In the coverage of the EPA’s announcement, the word “unprecedented” is used a lot. But this is not true. There is in fact an excellent precedent for the electric vehicle transition. And it is the advent of the motor vehicle itself. That precedent is a humbling analogue for the EV transition, because it was far more gradual than people often acknowledge.

From about 1900 to 1950, motor vehicles went from being an extravagant plaything of the super rich that was far too impractical for daily use to the dominant mode of transportation in the United States. This story—told in many books by researchers from a variety of academic disciplines—is indeed a story of change, but not a sudden one.

For example, in Car Country: An Environmental History, the historian Christopher Wells charts vehicle registrations against the over-15 population in the United States. In 1900, when cars were expensive, difficult to drive, and unreliable, there were 6,254 driving-age people for every registered vehicle. A decade later, it was 133. A decade after that, in 1920, it was 7.8. In 1930, it steadied at 3.2 people over 15 years old per registered vehicle, when the Great Depression tanked sales. Only after World War II did the two-car garage and lumbering family car become the dominant mode of transportation in the U.S. Today, every state has 1.5 or more registered cars per household. Only five—Maryland, Massachusetts, Mississippi, New Jersey, New York, and Washington, D.C.—have fewer than two.

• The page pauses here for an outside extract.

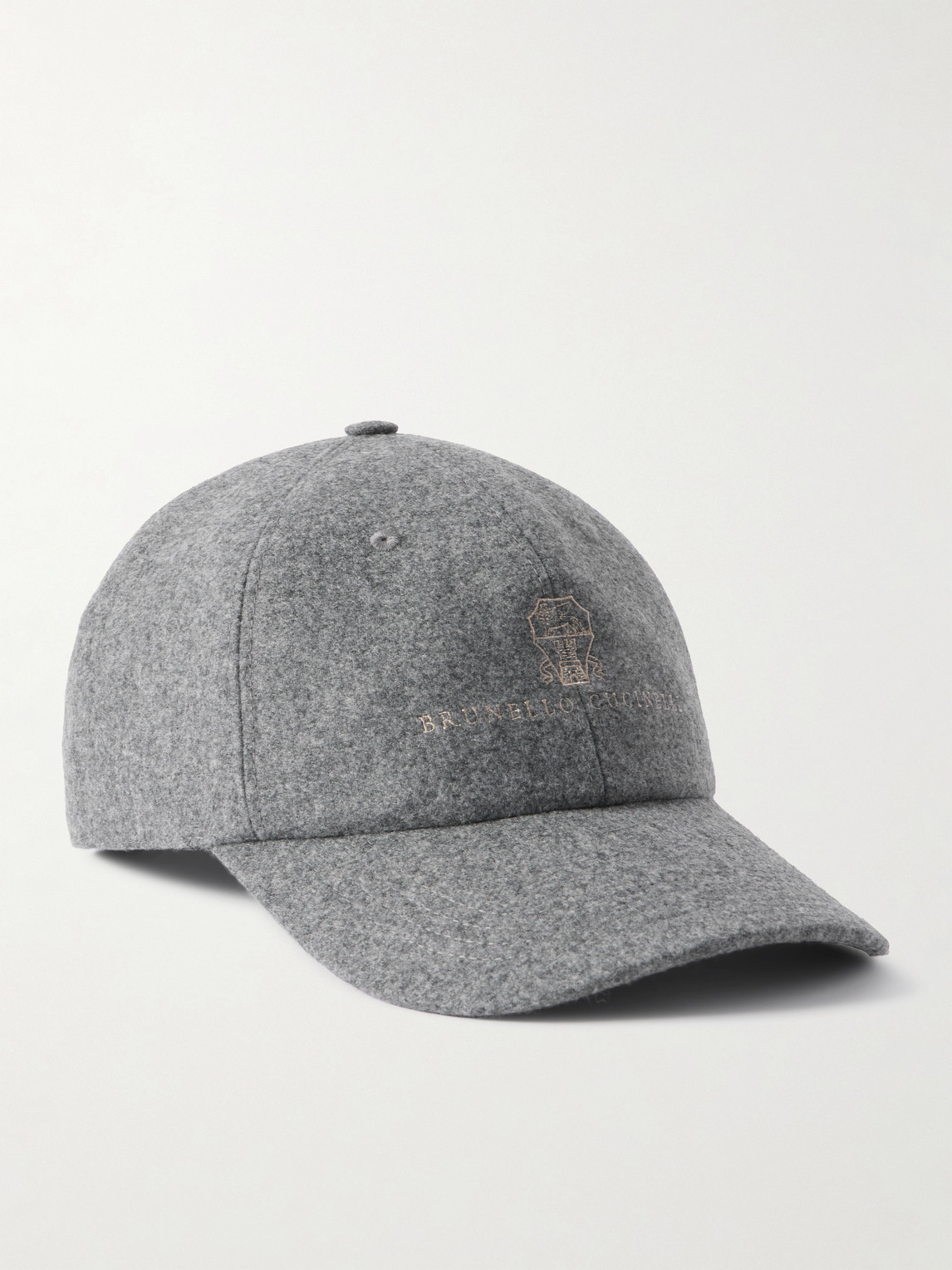Brunello Cucinelli Logo-embroidered Leather-trimmed Wool-flannel Baseball Cap In Gray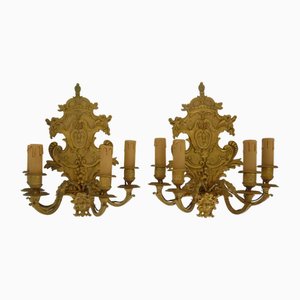 Apliques de cuatro brazos de bronce dorado, siglo XIX. Juego de 2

If the history of the American automobile teaches us anything about the current EV transition, it is that we are likely bickering over problems that will sort themselves out while ignoring the irreversible consequences of the transition. Automobile enthusiasts of the early 1900s fretted over where to get fuel, the need to standardize over a single type of fuel, how to make the technology more reliable and less confusing for the average person, and lowering the cost of the car. All of those concerns have direct analogues to the modern EV, and they are also problems that can be solved by money and coordination.

The other, bigger problems—where do we put all these cars in cities, how do we ensure other transportation options remain, how do we stop these things and their drivers from killing people, and what is the long-term cost to both ourselves and our environment—were hardly discussed until cars were already everywhere, the problems intractable, and new interest groups and constituencies fought against addressing them. History is a guide, not a fortune teller, but a gradual, decades-long transition from one type of car to another is both nothing and everything to be afraid of.